From Chanderi saree to Jamdani dupatta, an exhibition celebrating 75 years of India's independence through the rich legacy of its fabrics and textiles opened on Thursday evening at the National Museum here.
Titled Sutr Santati, it was inaugurated by Union Culture Secretary Govind Mohan and many of the sartorial exhibits paid homage to Mahatma Gandhi and other freedom fighters or had a thematic representation of the numeral '75'.
The exhibits, ranged from revived Baroda Shalu (saree worn by women of the erstwhile royal family of Baroda), to Kota Doria weave on gossamer fabric of Rajasthan's Kaithoon village, celebrating the old while endeavouring to raise awareness among the newer generations about India's cultural heritage.
One textile piece on display depicted a colourful map of India with its architectural heritage and a caption marking 75 year of Independence, titled 'Gratitude to Freedom Fighters of India', while a few others showcased designs an motifs drawing inspiration from the 'charkha', the symbol of 'Swadeshi' during the freedom movement.
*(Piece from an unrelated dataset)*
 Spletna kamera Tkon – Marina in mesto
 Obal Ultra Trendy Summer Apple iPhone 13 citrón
An exhibit showing a dupatta in a silk and cotton, titled 'Vande Mataram', drew from symbols from the freedom movement.
An exhibit, 'Elements of Heritage', showcasing an exquisite shawl made with khadi, cotton, zari, and indigo dye, portrayed the architectural and cultural heritage of Jaipur like Hawa Mahal, floa and fauna and other elements -- themed on the spirit of 'Vasudhaiva Kutumbukam', while a stole made of "Ahimsa Eri Silk" found in Assam, on display bore a grid of artworks drawn from various UNESCO World Heritage Sites in India.
According to the officials, the exhibition, hosted jointly by the National Museum and Abheraj Baldota Foundation, is about "celebrating India through the continuum of textile heritage".
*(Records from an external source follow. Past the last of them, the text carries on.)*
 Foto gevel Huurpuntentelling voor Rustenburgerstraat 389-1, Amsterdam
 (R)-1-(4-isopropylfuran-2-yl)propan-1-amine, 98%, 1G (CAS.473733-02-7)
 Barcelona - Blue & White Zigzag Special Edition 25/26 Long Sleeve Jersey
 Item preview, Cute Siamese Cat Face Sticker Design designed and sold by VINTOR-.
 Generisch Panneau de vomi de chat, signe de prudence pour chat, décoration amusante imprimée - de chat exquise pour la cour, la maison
Inspired by the past and informed by the present, 'Sutr Santati' seeks to steer Indian textiles towards becoming relevant for the future. A first-of-its-kind exhibition, it represents over 100 traditional Indian textiles by close to 75 participants and highlights the diverse interpretations of exceptional textile craftsmanship of India, designed to foster Indian pride, organisers said.
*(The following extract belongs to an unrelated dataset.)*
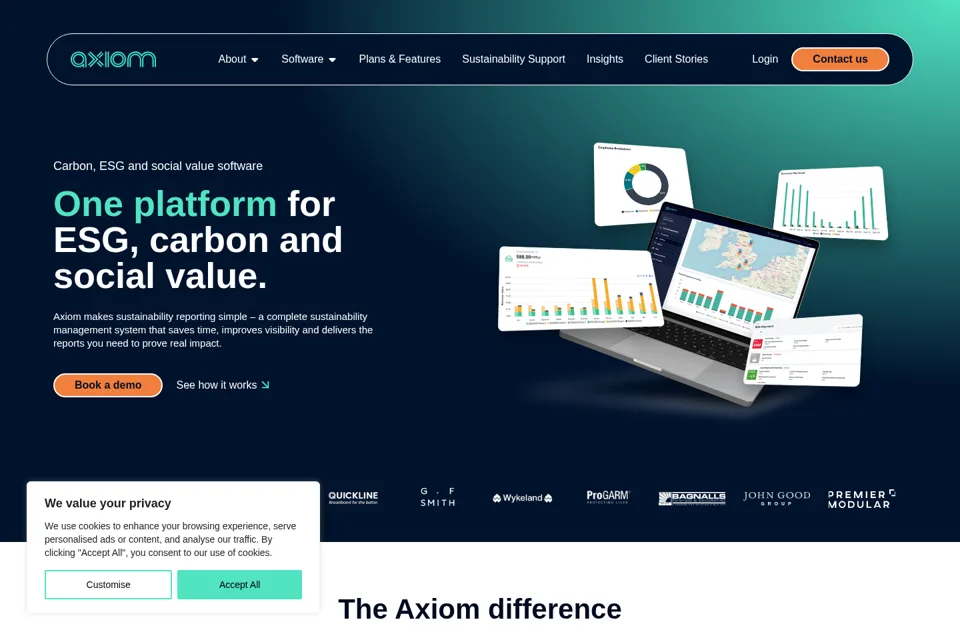 Landing page preview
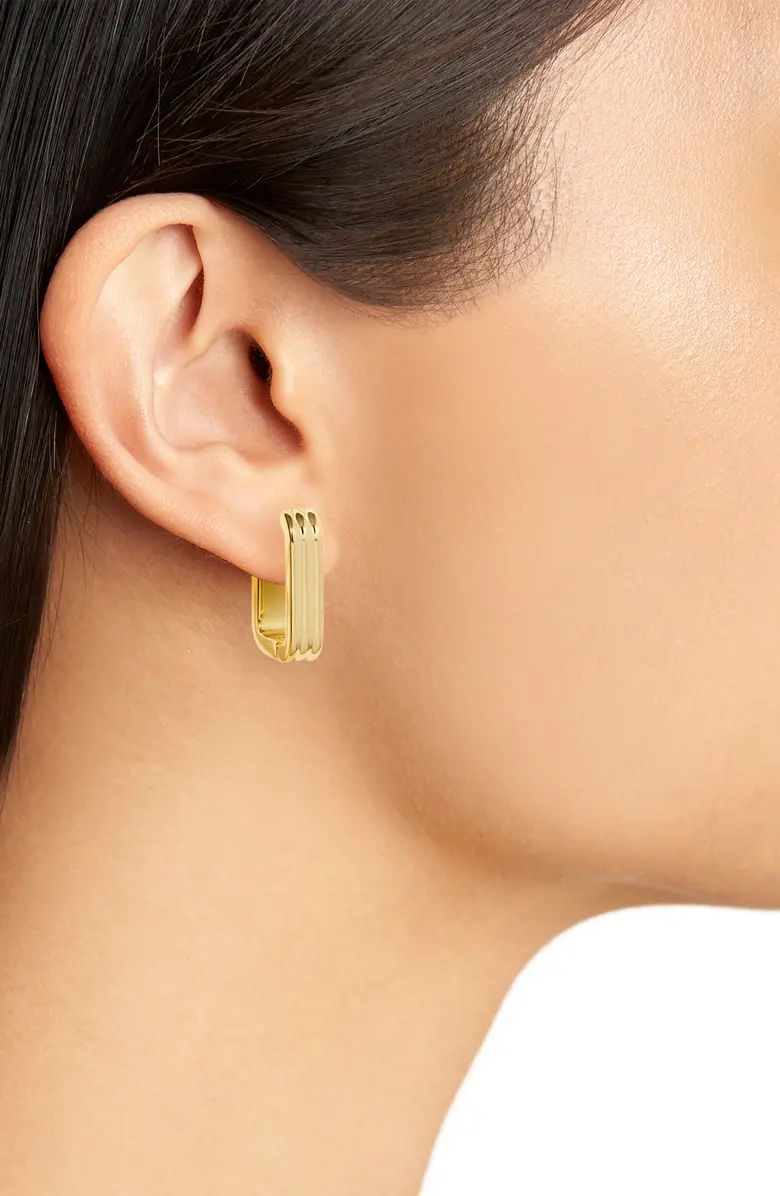 Medium Rib Hoop Earrings | Nordstrom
A Chanderi revived by the Rajmata Shubhanginiraje Gaekwad and a Baroda Shalu revived by her and Radhikaraje Gaekwad are also on display.
"A few years after Independence, the Baroda Shalu lost patronage which it had earlier enjoyed. Our family patronised artisans. The Patolas were brought to Gujarat from Maharashtra region, and Patan Patola saree is today kept by so many people in their wardrobe," Shubhanginiraje Gaekwad told PTI.
Radhikaraje Gaekwad said reviving any fabric is a challenge, both in terms of the quality of the raw material needed and skills needed, adding, during the Covid-induced lockdown, social media tools like Instagram helped in connecting the craftsmen and the consumers.
The exhibition will last till 20 September.